Das beinhaltet keineswegs, dass die europäische »Schicksalsgemeinschaft« (Merkel) zur Transferunion werden soll, in der die Zentren der industriellen Produktion in Deutschland, dessen Export zu annähernd 70 Prozent in den Euro-Raum geliefert wird, und in Nord- bzw. Mitteleuropa beispielsweise durch die Ausgabe von Euro-Bonds einen Ausgleich der Zinsen auf Staatsanleihen innerhalb der Euro-Zone bewirken würden. Im Interview mit der ARD sagte Merkel, weder ein Schuldenschnitt für Griechenland noch Euro-Bonds kämen für sie in Frage, denn beides habe »den negativen Effekt, dass sich auch andere Länder nicht mehr so anstrengen« würden. Für die Regierung in Berlin wäre das natürlich inakzeptabel, schließlich wurde schon das im Lissabon-Vertrag für das Jahr 2010 vereinbarte Ziel, Europa zur »dynamischsten und wettbewerbsfähigsten wissensgestützten Wirtschaft der Welt« zu machen, nicht erreicht. Auch Barroso wollte seine Kritik an den Ratingagenturen keineswegs als Aufforderung zur Aussetzung der aggressiven Sparpolitik innerhalb der Euro-Zone verstanden wissen. Der frühere portugiesische Premierminister mahnte seine Landsleute, aber auch die Bevölkerungen der anderen südeuropäischen Staaten noch einmal eindringlich, am strikten Sparkurs festzuhalten und sich von der Herabstufung durch Moody’s nicht »ablenken oder demotivieren zu lassen«.

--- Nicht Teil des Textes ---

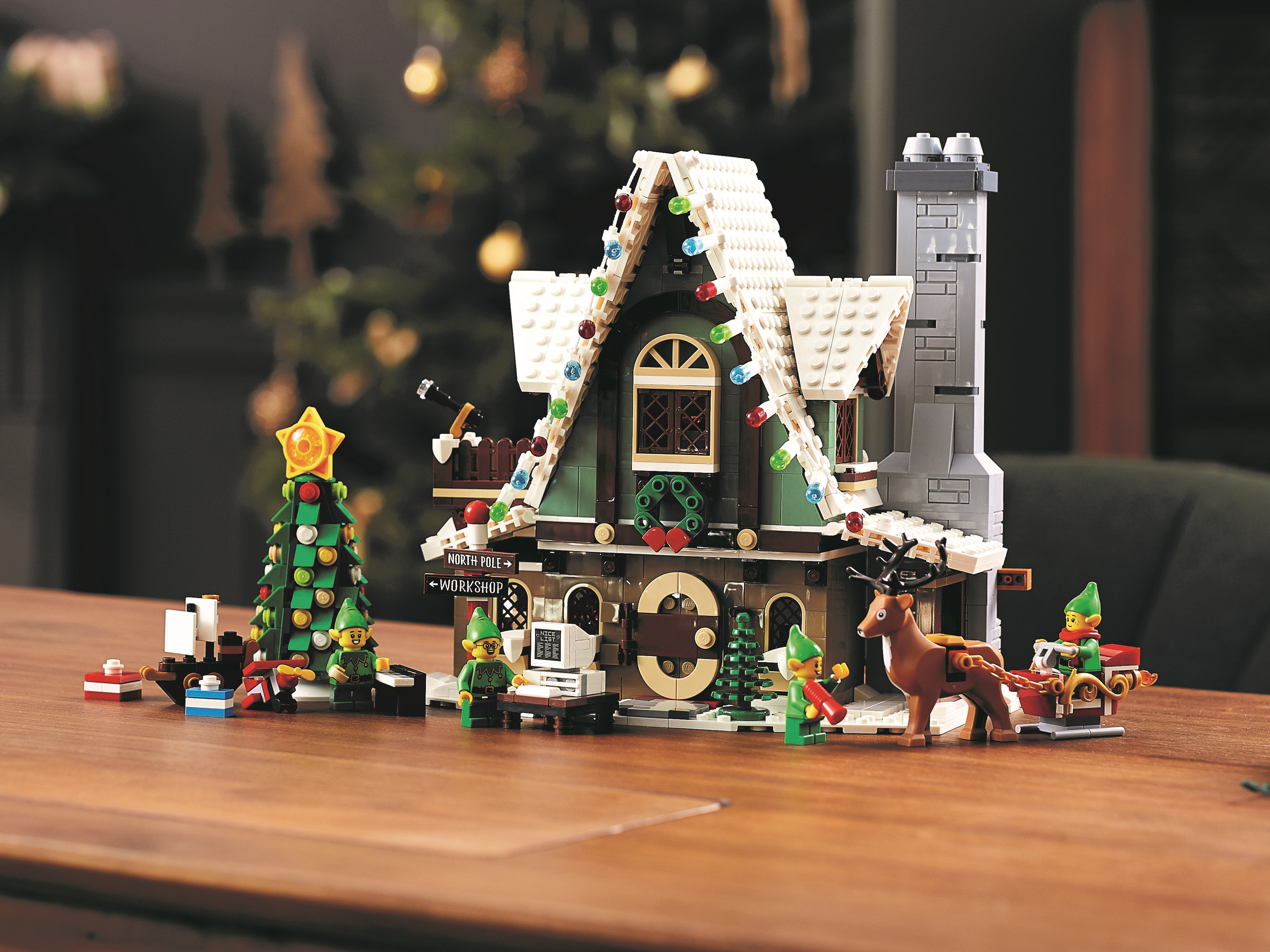 Elf Club House 10275 | LEGO® Icons | Buy online at the Official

Die Ratingagenturen sind, anders als es derzeit in Europa und vor allem in Deutschland suggeriert wird, nicht die Ursache der Sparpolitik. Hartmann stellt im Hinblick auf das Rating fest, es handele sich um »nicht mehr als qualifizierte Arbeit aus der bürgerlich-wissenschaftlichen Perspektive der neuen politischen Ökonomie des Kapitals«. Dass die Ratingagenturen mittlerweile eine so überragende Rolle bei der Steuerung der Finanzflüsse gewonnen haben, liege daran, dass der größte Teil des Kapitals inzwischen über den Kapitalmarkt in Anleihen oder Verkäufe verbriefter Schuldtitel investiert werde.
Die europäische Unzufriedenheit mit den in den USA ansässigen Ratingagenturen drückt dabei letztlich aus, dass der Lissabon-Prozess ins Stocken geraten ist. Dass weiterhin ein Gefälle zu den USA als Kapitalimporteur existiert, wird von Moody’s, Standard & Poor’s und Fitch Ratings zunächst einmal nur konstatiert.
Dass sich diese Agenturen nebenbei auch ganz gut als Projektionsfläche zur Entladung des Frustes über die Folgen des Sozialabbaus innerhalb der EU eignen, weiß man spätestens seit der von Franz Müntefering (SPD) initiierten Kampagne gegen »Heuschrecken«, die sich gegen die ebenfalls wenig sympathischen Hedgefond richtete. Immerhin, für die Entlarvung solcher Kampagnen wäre eine europäische Ratingagentur hilfreich.